Problem: A stretch of the entries below is to be set down exactly, running from the line with "Moda Rapido Men" through the line with "NaturalWave® 2'li Biberon", both included, and no other line.

Information supplied:
⟨
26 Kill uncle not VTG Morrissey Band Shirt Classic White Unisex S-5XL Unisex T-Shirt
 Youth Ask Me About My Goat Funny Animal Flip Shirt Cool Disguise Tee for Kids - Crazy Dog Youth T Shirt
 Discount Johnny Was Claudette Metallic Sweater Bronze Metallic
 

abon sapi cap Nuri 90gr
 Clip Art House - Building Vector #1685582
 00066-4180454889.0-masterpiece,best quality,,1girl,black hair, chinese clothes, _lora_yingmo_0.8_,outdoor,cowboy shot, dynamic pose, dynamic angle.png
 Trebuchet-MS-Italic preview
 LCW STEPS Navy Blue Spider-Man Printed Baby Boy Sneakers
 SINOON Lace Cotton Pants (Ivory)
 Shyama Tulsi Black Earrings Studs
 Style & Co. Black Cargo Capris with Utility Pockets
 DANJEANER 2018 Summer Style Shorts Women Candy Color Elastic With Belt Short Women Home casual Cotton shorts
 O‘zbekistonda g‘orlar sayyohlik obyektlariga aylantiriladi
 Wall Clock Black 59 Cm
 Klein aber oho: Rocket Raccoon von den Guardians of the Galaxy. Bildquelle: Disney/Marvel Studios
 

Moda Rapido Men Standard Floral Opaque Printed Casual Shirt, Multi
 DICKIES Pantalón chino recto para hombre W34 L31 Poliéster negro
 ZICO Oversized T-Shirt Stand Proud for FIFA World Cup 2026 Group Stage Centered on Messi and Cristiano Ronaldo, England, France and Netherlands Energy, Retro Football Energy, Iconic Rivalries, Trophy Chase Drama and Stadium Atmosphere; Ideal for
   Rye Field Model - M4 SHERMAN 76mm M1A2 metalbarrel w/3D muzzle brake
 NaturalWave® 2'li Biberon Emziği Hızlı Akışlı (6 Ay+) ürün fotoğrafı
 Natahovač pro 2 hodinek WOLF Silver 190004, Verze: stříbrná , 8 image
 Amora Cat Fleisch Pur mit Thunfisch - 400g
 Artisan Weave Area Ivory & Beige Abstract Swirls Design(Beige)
⟩
Exercise solution:
Moda Rapido Men Standard Floral Opaque Printed Casual Shirt, Multi
 DICKIES Pantalón chino recto para hombre W34 L31 Poliéster negro
 ZICO Oversized T-Shirt Stand Proud for FIFA World Cup 2026 Group Stage Centered on Messi and Cristiano Ronaldo, England, France and Netherlands Energy, Retro Football Energy, Iconic Rivalries, Trophy Chase Drama and Stadium Atmosphere; Ideal for
   Rye Field Model - M4 SHERMAN 76mm M1A2 metalbarrel w/3D muzzle brake
 NaturalWave® 2'li Biberon Emziği Hızlı Akışlı (6 Ay+) ürün fotoğrafı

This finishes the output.